Le rapport de l’être au néant, du moi à la conscience de soi, définit l’essence de l’homme puisque celle-ci réside dans la conscience : “Elle est donc, par définition, un processus humain.” (p. 58) En effet Sartre renverse ainsi le cogito ergo sum de Descartes : Je suis donc je pense ; ou plus exactement : J’ai conscience d’être donc je pense. Le terme de processus est important car c’est lui qui va mettre Sartre sur la voie du jeu. Le jeu est ce mouvement perpétuel de l’être à sa conscience d’être, de ce qu’on éprouve (être) à ce que l’on se regarde éprouver (existence). C’est le passage célèbre du garçon de café : “Considérons ce garçon de café. Il a le geste vif et appuyé, un peu trop précis, un peu trop rapide, il vient vers les consommateurs d’un pas un peu trop vif, il s’incline avec un peu trop d’empressement, sa voix, ses yeux expriment un intérêt un peu trop plein de sollicitude pour la commande du client, enfin le voilà qui revient, en essayant d’imiter dans sa démarche la rigueur inflexible d’on ne sait quel automate tout en portant son plateau avec une sorte de témérité de funambule, en le mettant dans un équilibre perpétuellement instable et perpétuellement rompu, qu’il rétablit perpétuellement d’un mouvement léger du bras et de la main. Toute sa conduite nous semble un jeu. Il s’applique à enchaîner ses mouvements comme s’ils étaient des mécanismes se commandant les uns les autres, sa mimique et sa voix même semblent des mécanismes ; il se donne la prestesse et la rapidité impitoyable des choses. Il joue, il s’amuse. Mais à quoi donc joue-t-il ? Il ne faut pas l’observer longtemps pour s’en rendre compte : il joue à être garçon de café.” (p. 94) Le jeu est donc la réaction de notre être en soi, notre attitude naturelle, à la pression de notre être pour soi, l’idée que nous nous faisons de ce que nous sommes ou devrions être, autant qu’à celle de notre être pour autrui, l’image que nous renvoie la société de ce qu’elle attend de nous. Ce garçon n’est pas tout à fait un garçon de café car il tend à l’être, et ce faisant il l’est exagérément car il joue à l’être plutôt que de se contenter d’être. Et cependant, il l’est complètement.

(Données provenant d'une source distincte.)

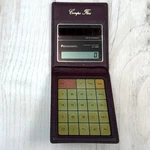 Vtg Panasonic Compu Flex Solar Powered Pocket Calculator Model Je-365u Works. Fixed Price $34.99.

Ainsi Sartre part de la mauvaise foi, le divorce entre ce que l’on sait être et ce que l’on prétend de soi, pour aboutir au jeu, qui exprime parfaitement le “processus humain” de navigation perpétuelle entre l’être en soi (le moi), l’être pour soi (le ça) et l’être pour autrui (le surmoi). Etrangement c’est la mauvaise foi dont Sartre a préféré retenir l’image (et nommer son chapitre), peut-être plus provocante mais aussi moins vraie, car elle implique un divorce et non une synthèse entre les différents degrés de l’être. L’illustration la plus forte de cette alchimie n’est cependant pas celle du garçon de café, mais de la femme entreprise par un homme : “C'est qu'elle n'est pas au fait de ce qu'elle souhaite : elle est profondément sensible au désir qu'elle inspire, mais le désir cru et nu l'humilierait et lui ferait horreur. Pourtant, elle ne trouverait aucun charme à un respect qui serait uniquement du respect. Il faut, pour la satisfaire, un sentiment qui s'adresse tout entier à sa personne, c'est-à-dire à sa liberté plénière, et qui soit une reconnaissance de sa liberté.” (p. 90). Sartre la qualifie de femme de mauvaise foi, je préfère dire pour ma part qu’elle joue, mi dupe mi lucide, afin d’entraîner son partenaire (d’amour et de jeu) avec elle dans la dimension symbolique, afin de se dévoiler tout en se cachant et de vérifier par cela la capacité de son partenaire à jouer le jeu, afin de vivre pleinement l’instant, le corps et l’esprit jouant de concert une partition à deux voix, afin de se présenter, et être elle-même, entière.

La feintise ludique serait ainsi, pour paraphraser Schiller, le seul état où l’homme prend la dimension de lui-même, n’étant tout à fait homme que là où il joue. Une lecture essentielle autant qu’existentielle.

L’être et le néant de Jean-Paul Sartre, Gallimard, pp. 56-132, 15 €.